Für progressive Kräfte in Lateinamerika geht es ganz konkret um die Übernahme von Regierungsverantwortung. Macht auch das die Region interessant?

Natürlich müssen wir die positiven wie die negativen Erfahrungen, wenn linke Parteien in Regierungsverantwortung kommen, sehen und auswerten. So hat die Rosa-Luxemburg-Stiftung bereits seit längerem eine Serie von Veranstaltungen ins Leben gerufen, bei denen linke Kräfte beider Kontinente miteinander über die entsprechenden Erfahrungen diskutieren. Wie geht man konkret um mit der Organisation der Entwicklung der Produktivkräfte? Wie geht man um mit der Verantwortung Linker in der Finanz- und Steuerpolitik? Wie geht man als Linke in der Regierung um mit den Erfordernissen sozialer Sicherung bei knappen Kassen? Diese Fragen kann man nicht wegdrücken, wenn man in Regierungsverantwortung kommt. Und sie werden intensiv auf unseren Begegnungen debattiert.

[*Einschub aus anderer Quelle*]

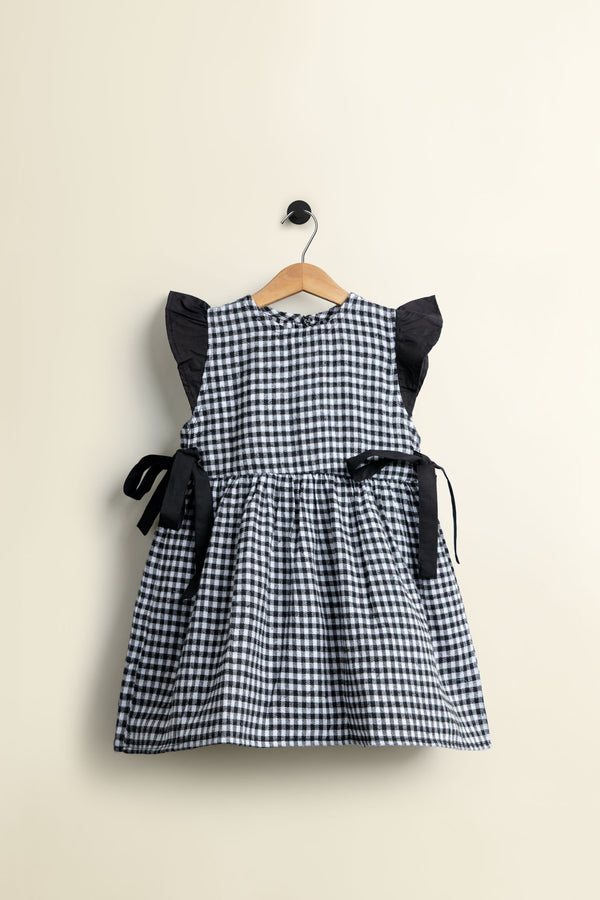 Black Chequered Flannel Top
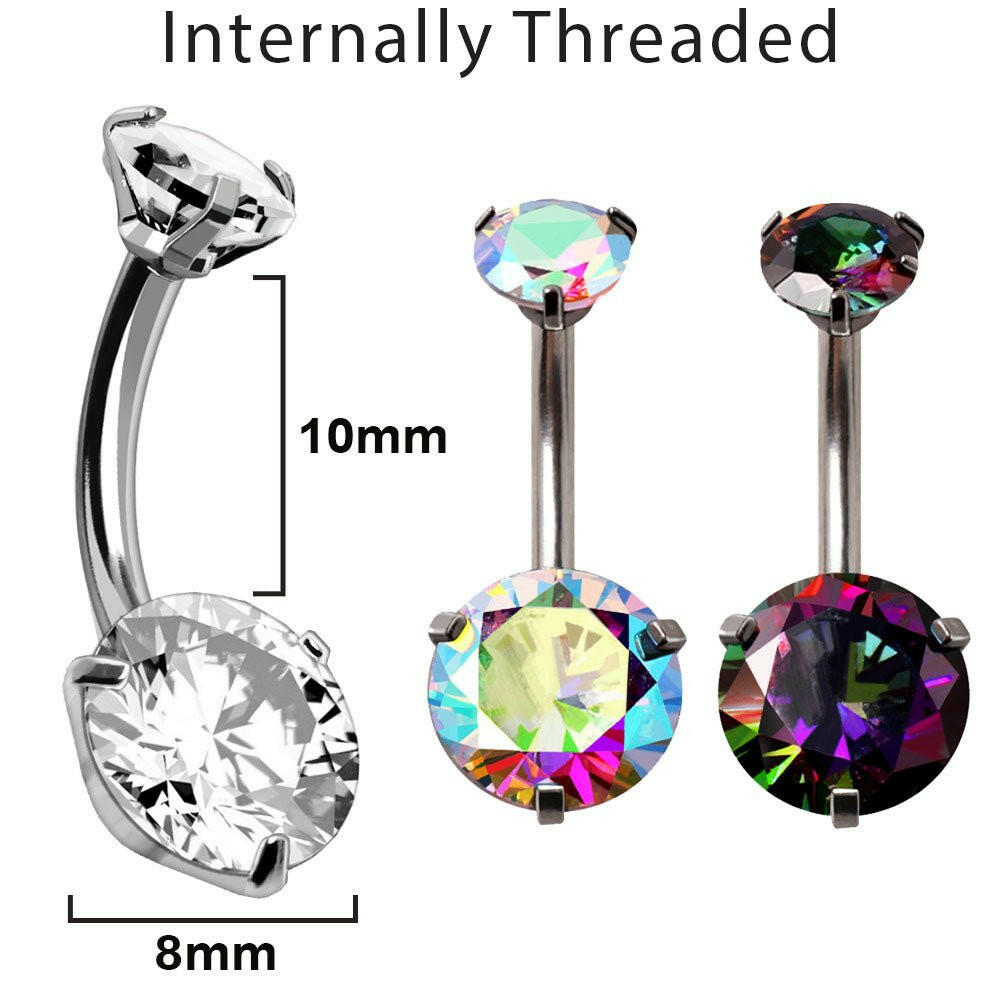 Internally Threaded 316L Stainless Steel Prong Set Iridescent Cubic Navel Ring Navel Ring Impulse Piercings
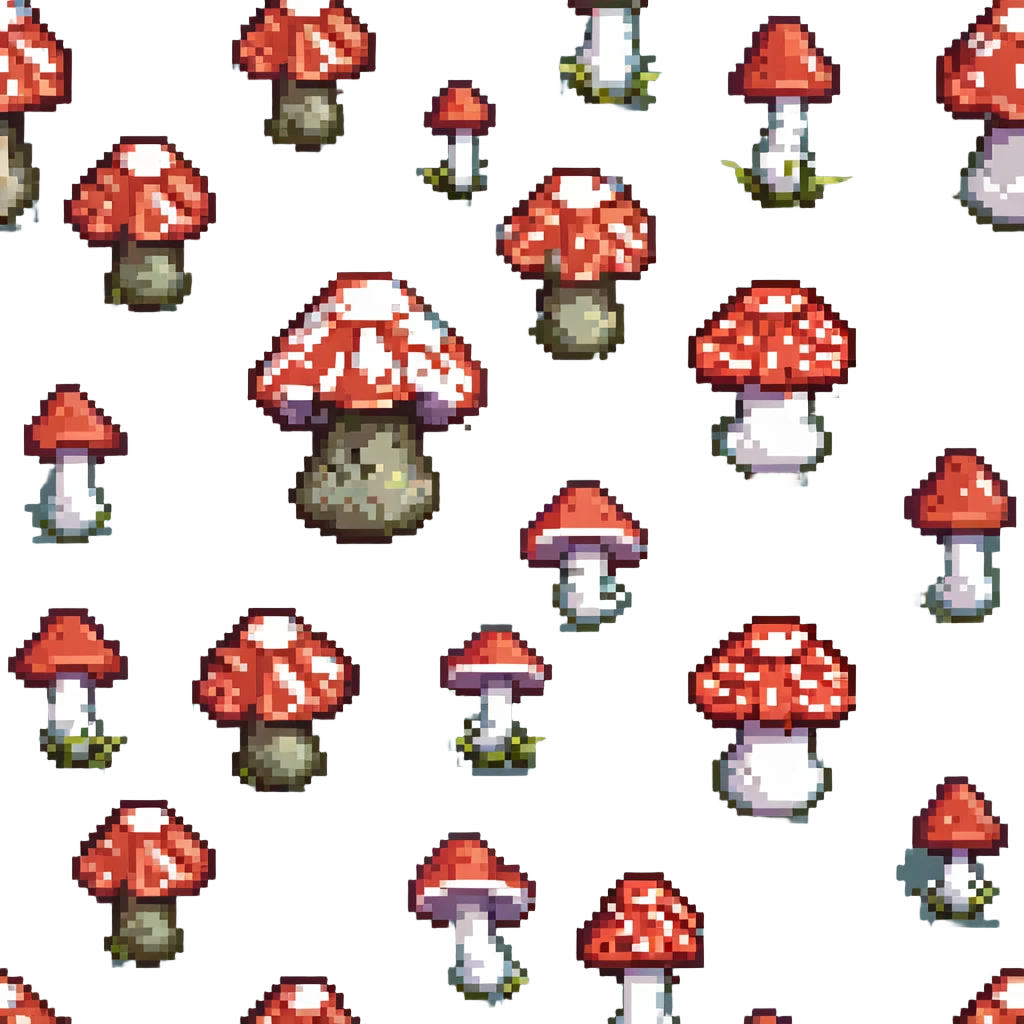 pixel art of a dangerous red-capped mushroom with white spots, classic video game look emoji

Europas Linke hat sich über Jahre solidarisch mit den progressiven Bewegungen in Süd- und Lateinamerika gezeigt. Wenn man sich heute die Linkskräfte in einigen EU-Ländern, wie Italien, anschaut, scheint nun die Solidarität aus Übersee erforderlich.

Die Europäische Linke, die ja in Form der EL als Kooperationsstruktur existiert, aber, abstrakt formuliert, nicht den Anspruch auf die Vertretung aller linken Kräfte erhebt und damit sehr unterschiedlich daherkommt, befindet sich nach wie vor in einer nicht einfachen Situation. Die EL beschäftigt sich nach den Wahlen zum Europaparlament im vergangenen Jahr, bei der sie mit Ausnahme von Italien die bisherige Bilanz sogar etwas verbessern konnte, gegenwärtig sehr intensiv und konkret mit zentralen Fragen der Wirtschafts- und Beschäftigungspolitik im Europäischen Jahr des Kampfes gegen Armut und mit den Verwerfungsprozessen in der Eurozone. Alternativen müssen öffentlich werden, mit Betroffenen beraten werden.

Die Linken in allen Ländern sind gefordert, trotz teilweise unterschiedlicher Positionen die Gemeinsamkeiten herauszustellen und daraus Handlungsoptionen abzuleiten. Ich bin optimistisch, dass die Partei der Europäischen Linken die Zeit bis zum 3. Parteitag im Dezember in Paris dazu nutzen wird.